One of the fun and challenging pieces of working in custom app development is bug hunting. These "bugs" as they're called are when programs don't run as expected. The past three weeks there has been a string of failures that was inconsistent.
It seemed to affect one user in particular but not on all of their streams. This is a programmer's nightmare scenario where an action fails only some of the time. Making things even worse, simply re-running the script to generate the stream recap video would work.
In these cases logs are your best asset to sort out the problem. Just a reminder, m3u8 files are playlist files of 10 second little video clips and this is how Twitch stores stream VODs. These have been the source of another but separate problem.
Pulling more and more of the pieces together now. Twitch changed the way they're doing .m3u8 files. This change includes as many as 5x duplicates of the pieces in it which is why I was seeing HUGE file sizes in the beginning.— Make Echoes (@MakeEchoes) September 2, 2020
It looked like a few missing frames from some of the last clips when the video was being reconstructed. With that knowledge and paired with re-running it the stream capture would work, I have to pin this one on Twitch.

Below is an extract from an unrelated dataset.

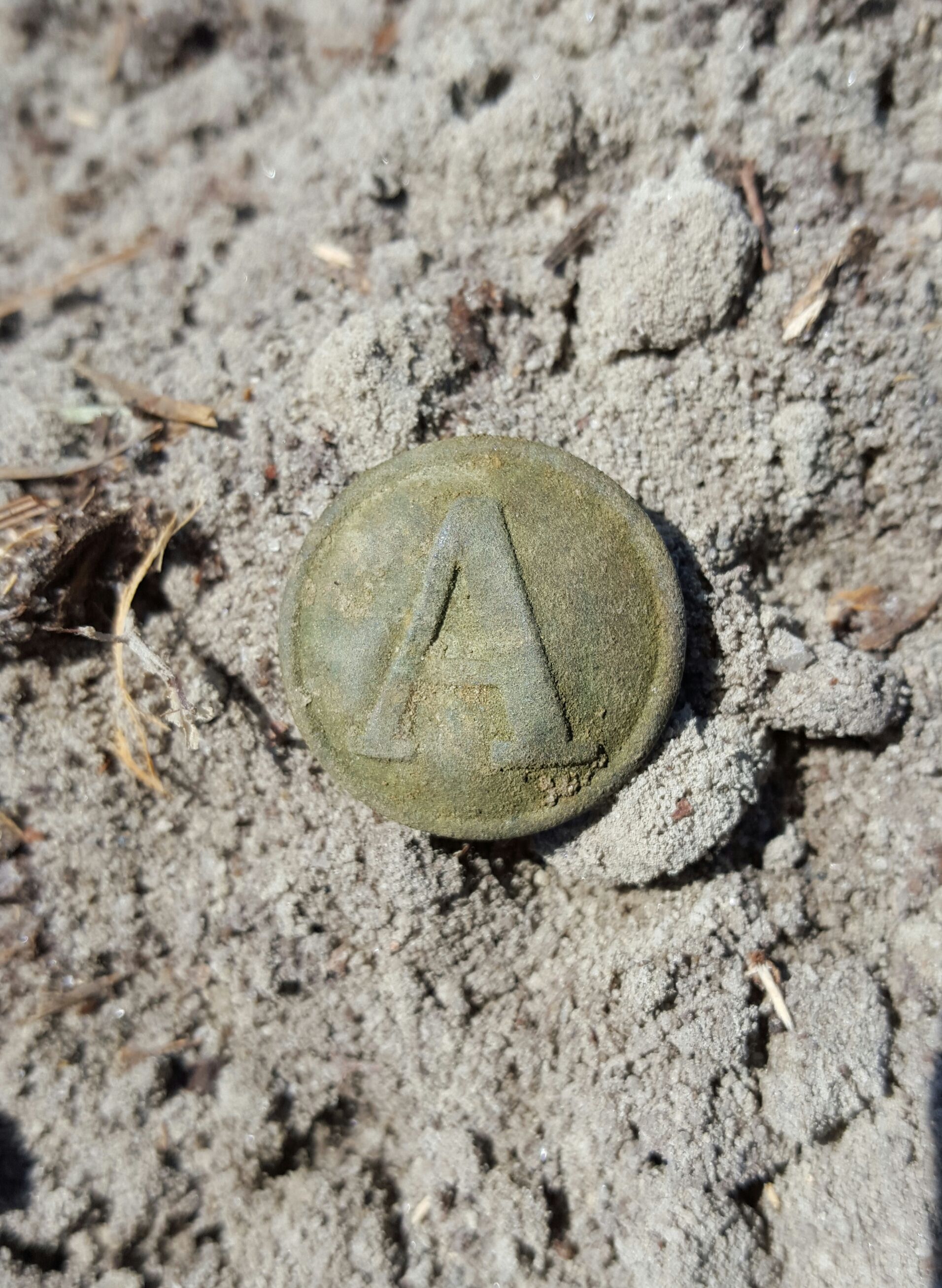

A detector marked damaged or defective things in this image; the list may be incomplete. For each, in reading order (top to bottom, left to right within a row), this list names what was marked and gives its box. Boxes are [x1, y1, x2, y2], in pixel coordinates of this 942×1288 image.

corroded metal surface [279, 435, 685, 834]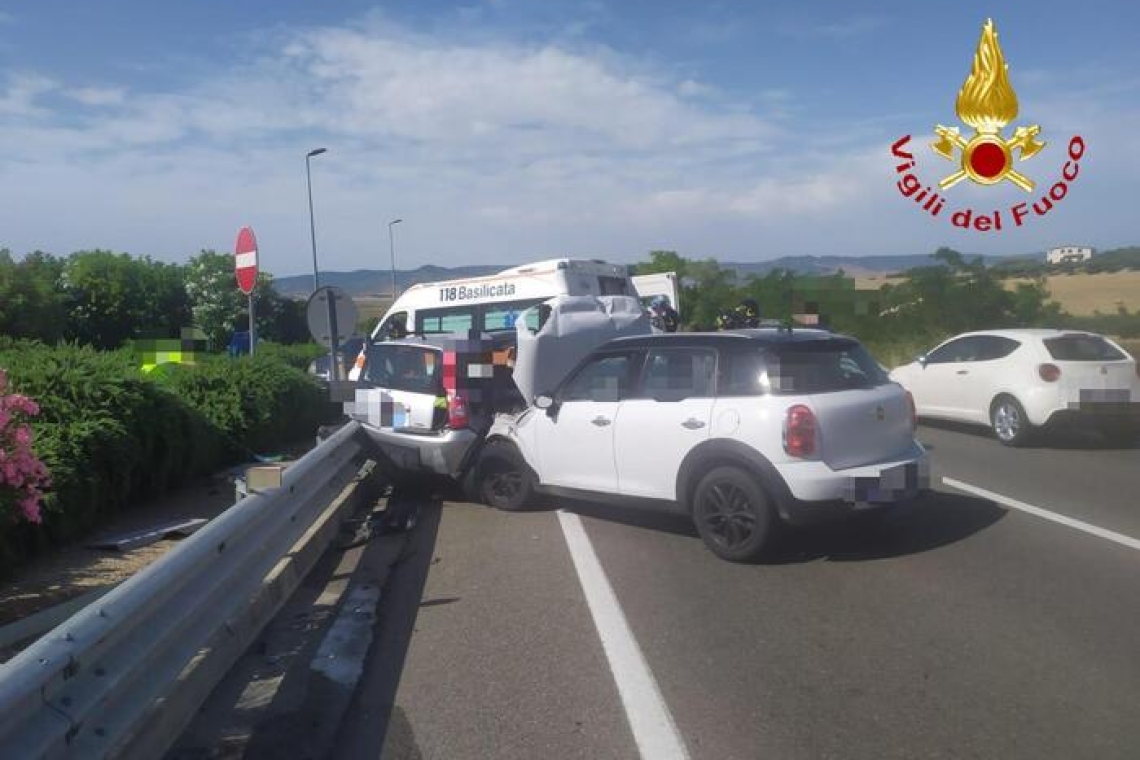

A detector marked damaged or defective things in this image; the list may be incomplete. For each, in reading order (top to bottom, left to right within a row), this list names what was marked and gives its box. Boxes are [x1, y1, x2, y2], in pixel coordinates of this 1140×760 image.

crashed vehicle [342, 294, 648, 484]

Specifically, I believe that the video at full-resolution hasn't finished being stored on Twitch's VOD storage servers.
So how does a programmer solve a problem like this? You build an automated kicking machine.
When the video construction fails, I put the worker performing that task in a timeout for 10 minutes. After the timeout finishes, that worker does three tasks. First, removes the previously collected local data for that stream. Next, it attempts the download again. Finally, it does the reconstruction again. If this second build fails, the system quits trying and I'll manually kick it the next time I check the back end of the system.
While this method does double my bandwidth inbound on these streams, I'm nowhere near my allotment at my host. As it only is affecting 0 to 2 streams each day, it's an acceptable resource to result allocation.
I've made the deployment of this solution earlier this morning. Here's hoping that those affected will begin to see the quick response times again.
Have a great week and hoping, hoping to get a couple new features built and deployed next week.